Automatic metadata: Why actually?

Reinoud Kaasschieter

2019-03-26

As long as I am in the field of Enterprise Content Management (ECM), there have always been discussions about metadata of documents. Metadata award is the means to search to find documents. It is an important tool to start a case or a process with a document. But the discussion always reveals which and how much metadata is needed, who should record it and when should it be done.

Before we can determine by whom and when metadata should be recorded, we will first dive deeper into the metadata phenomenon. The term metadata means nothing other than data about documents. The Rotterdam city archive distinguishes three groups of metadata that can be assigned to documents. Other layouts are possible, but for the sake of convenience, I take that from the archive. They recognize:

Descriptive metadata (identification, interpretation, authentication, finding);
Administrative or management metadata (authorization, logistic data, ownership, formal origin, accountability of management activities) and;
Technical metadata (software, hardware, storage format).

The first group mainly consists of data about the original context of the documents; the second group consists of data for the archive system, the third group of technical data of the system with which the information is created and managed.

The last group of metadata, the technical, generally presents a few problems. This is automatically filled within the ECM systems by the system itself. The first two groups are often discussed. Not only among experts, but also among users of ECM systems. With users, the topic of conversation is often about the usefulness and necessity of metadata.

With the associated question how much input is necessary. More specifically: users wonder how practical the metadata is and how much work it takes to add the correct metadata to the documents. And whether the users themselves see the usefulness in their daily work. The discussion does not focus on the usefulness of certain metadata, but rather on the amount of work it takes to correctly and completely fill in this metadata.

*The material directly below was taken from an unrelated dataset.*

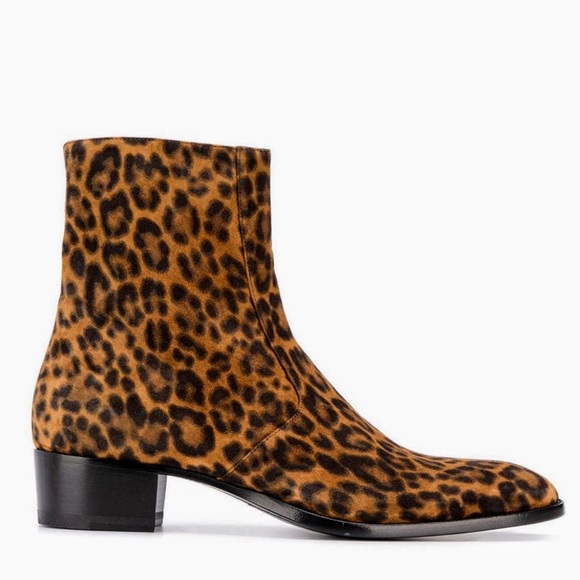 New Saint Laurent Wyatt leopard print 40mm boots - Picture 5 of 8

I don’t want to describe here which metadata is necessary or not. This is highly dependent on the organization, the standards that have been chosen and the processes that go through the documents. What I want to go into is the amount of metadata that is used and that must be filled by employees.

Knowledge workers

Traditionally, incoming documents are processed by a mailroom. Here the first assignment of values of metadata takes place. The employees ensure that the descriptive and administrative metadata are filled. However, in some cases, the postal worker has insufficient knowledge to fully describe documents. A knowledge worker, for example, the first handler of the document, must then supplement this information.

Nowadays documents often arrive directly at the knowledge workers. For example, in the case of e-mails that are sent directly to employees. Or employees prepare documents themselves, which must also be described with metadata.

Administrative metadata can also provide large amounts of data fields. With this metadata, among other things, the use of documents is recorded. In the paper age, these data were kept in the archive folder or a special form (the minute). Now they are being held as metadata. For example, write metadata models for government archives dozens of fields for all of which have to be filled in. Some can be filled in automatically because they are system fields. But others must be filled in manually.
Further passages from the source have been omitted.